All about Acne
Acne is a skin disorder that usually appears in adolescence and causes blackheads and pimples. Acne can leave scars and have psychological repercussions. Therefore, it is important to treat it early.
What Causes Acne?
There are four basic factors that lead to the development of acne lesions:
- Follicular Hyperkeratinization: Hair follicles are blocked by excess normal skin cells (the so-called keratinocytes), which combine with the sebum secreted by the sebaceous gland and form a plug that blocks the hair follicle.
- Increase in the production of sebum: Sebaceous glands, which are more abundant in face, neck, chest, upper back and upper arms, grow larger and increase their sebum production. One of the causes of this stimulation is the presence of androgens, the male sex hormone, which level increases during puberty.
- Growth of Cutibacterium acnes: The increase in the production of sebum favors the growth of a bacterium called Cutibacterium acnes, which is part of the set of bacteria living in the pilosebaceous follicles of healthy skin, since sebum is its source of nutrients. The excessive increase of this type of bacteria breaks the balance of skin flora, favoring the occurrence of inflammation.
- Inflammation: Inflammation may cause the follicle to rupture, leading to the formation of a red pimple, also called "tender".

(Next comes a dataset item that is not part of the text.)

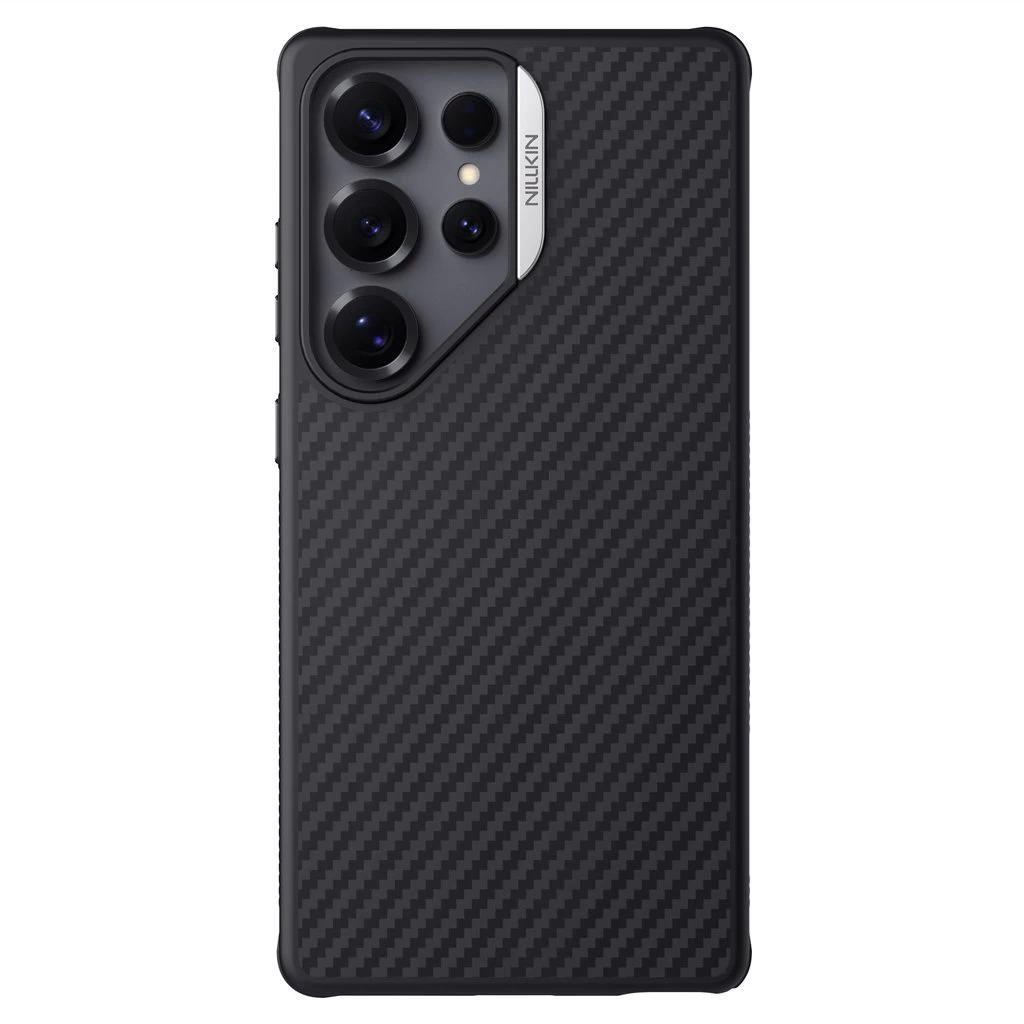 Nillkin Synthetic Fiber PRO mágneses kemény tok Samsung Galaxy S25 Ultra készülékhez ezüst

Factors Involved in the Occurrence of Acne:
The main causes for the development of acne are:
- Androgens: Based on clinical observations, the presence of androgens affects the development of acne. In fact, acne does not usually develop before the prepuberal period, also known as adrenarche, i.e. the moment when the levels of dehydroepiandrosterone sulfate (DHEAS) increase. DHEAS is a male sexual hormone (androgen), which is present in both men and women and plays a significant role during puberty in the development of male secondary sexual characteristics. The body can turn DHEAS into more powerful androgens, like testosterone and androstenedione, and can also turn into the female hormone estrogen. In pathologies with high levels of androgen, as in the case of polycystic ovarian syndrome, congenital adrenal hyperplasia, or adrenal or ovarian tumors, this increase in androgens may be the cause of acne.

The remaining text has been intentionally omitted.